* [What the task asks]: Return the lines below in which the string "decor" occurs.

⁂

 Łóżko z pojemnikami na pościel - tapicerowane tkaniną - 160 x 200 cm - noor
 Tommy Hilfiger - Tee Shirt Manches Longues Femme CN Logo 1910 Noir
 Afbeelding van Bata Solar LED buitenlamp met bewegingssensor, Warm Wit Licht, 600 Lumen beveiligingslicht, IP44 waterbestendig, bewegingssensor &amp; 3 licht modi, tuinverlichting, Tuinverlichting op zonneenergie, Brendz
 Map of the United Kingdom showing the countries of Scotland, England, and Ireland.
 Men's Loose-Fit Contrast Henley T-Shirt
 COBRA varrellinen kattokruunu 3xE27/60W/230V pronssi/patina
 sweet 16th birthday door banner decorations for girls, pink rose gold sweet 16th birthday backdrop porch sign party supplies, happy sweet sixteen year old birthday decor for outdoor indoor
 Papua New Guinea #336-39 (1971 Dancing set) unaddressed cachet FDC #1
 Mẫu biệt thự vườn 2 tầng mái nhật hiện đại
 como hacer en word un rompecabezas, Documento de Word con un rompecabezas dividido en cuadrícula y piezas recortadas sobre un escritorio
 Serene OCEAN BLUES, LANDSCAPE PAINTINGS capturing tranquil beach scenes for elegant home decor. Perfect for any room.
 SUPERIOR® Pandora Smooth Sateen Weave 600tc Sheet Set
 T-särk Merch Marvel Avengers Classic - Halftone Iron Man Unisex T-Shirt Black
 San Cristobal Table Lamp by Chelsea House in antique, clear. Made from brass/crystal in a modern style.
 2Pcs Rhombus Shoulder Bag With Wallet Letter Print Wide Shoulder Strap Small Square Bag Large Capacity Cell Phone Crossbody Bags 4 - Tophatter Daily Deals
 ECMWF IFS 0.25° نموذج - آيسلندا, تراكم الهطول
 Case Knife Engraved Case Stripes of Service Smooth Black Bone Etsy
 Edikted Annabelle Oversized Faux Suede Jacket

⁂

* [Exercise solution]:
 sweet 16th birthday door banner decorations for girls, pink rose gold sweet 16th birthday backdrop porch sign party supplies, happy sweet sixteen year old birthday decor for outdoor indoor
 Serene OCEAN BLUES, LANDSCAPE PAINTINGS capturing tranquil beach scenes for elegant home decor. Perfect for any room.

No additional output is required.